Farmerboy tamed chickens. I think the one he's holding may be named Domino. She's a Dominque, a breed we remain partial to because they're like cats, only more useful. The chicken heading into the hole in the stall door is a Salmon Falverole affectionately known as "Runt". As a chick she developed a lot later than the other birds, so much so that we thought there was something wrong with her and that we might have to cull her. Instead we fed her vitamins. She survived a dog attack and is now one of the chickens with the most interesting personality.
(If you don't have chickens, you might not realize that they can have interesting personalities. But some of them do.
Also, did you remember that our barn used to be a weird sort of mauve and tan color? Probably not, considering how little I've posted in the past year. If you don't remember the weird mauve color it used to be, you won't know how much improved the green is. Just trust me.)
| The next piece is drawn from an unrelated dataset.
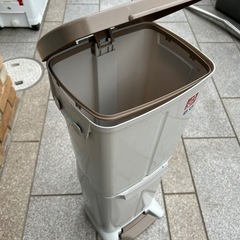 ゴミ箱の画像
FB also spent a considerable amount of time working on a Lego coral reef. We finished reading Pagoo last week and this week we moved on to One Small Square: Coral Reef, mostly because it came in the mail finally and because when I looked inside, the word LEGO jumped out at me. I'd ordered it from Winterpromise a long time ago, along with some other books, including Atlas of World History. The other books came, but the Atlas and the One Small Square book did not. For over a month. (I was reading a blog post the other day in which the writer and various commenters led me to believe that this situation was not uncommon with Winterpromise.) Anyway, at least it was a nice surprise to open a box with interesting books in it that I wasn't really expecting. Coral Reef suggests using Legos to build corals, and of course that was all the encouragement FB needed. Here you see staghorn coral being feasted upon by a Crown of Thorns Starfish, while a giant clam resides nearby, hiding a pearl. Katydid told him clams didn't make pearls, but that didn't really seem to deter him. I think he's claiming artistic license on this one.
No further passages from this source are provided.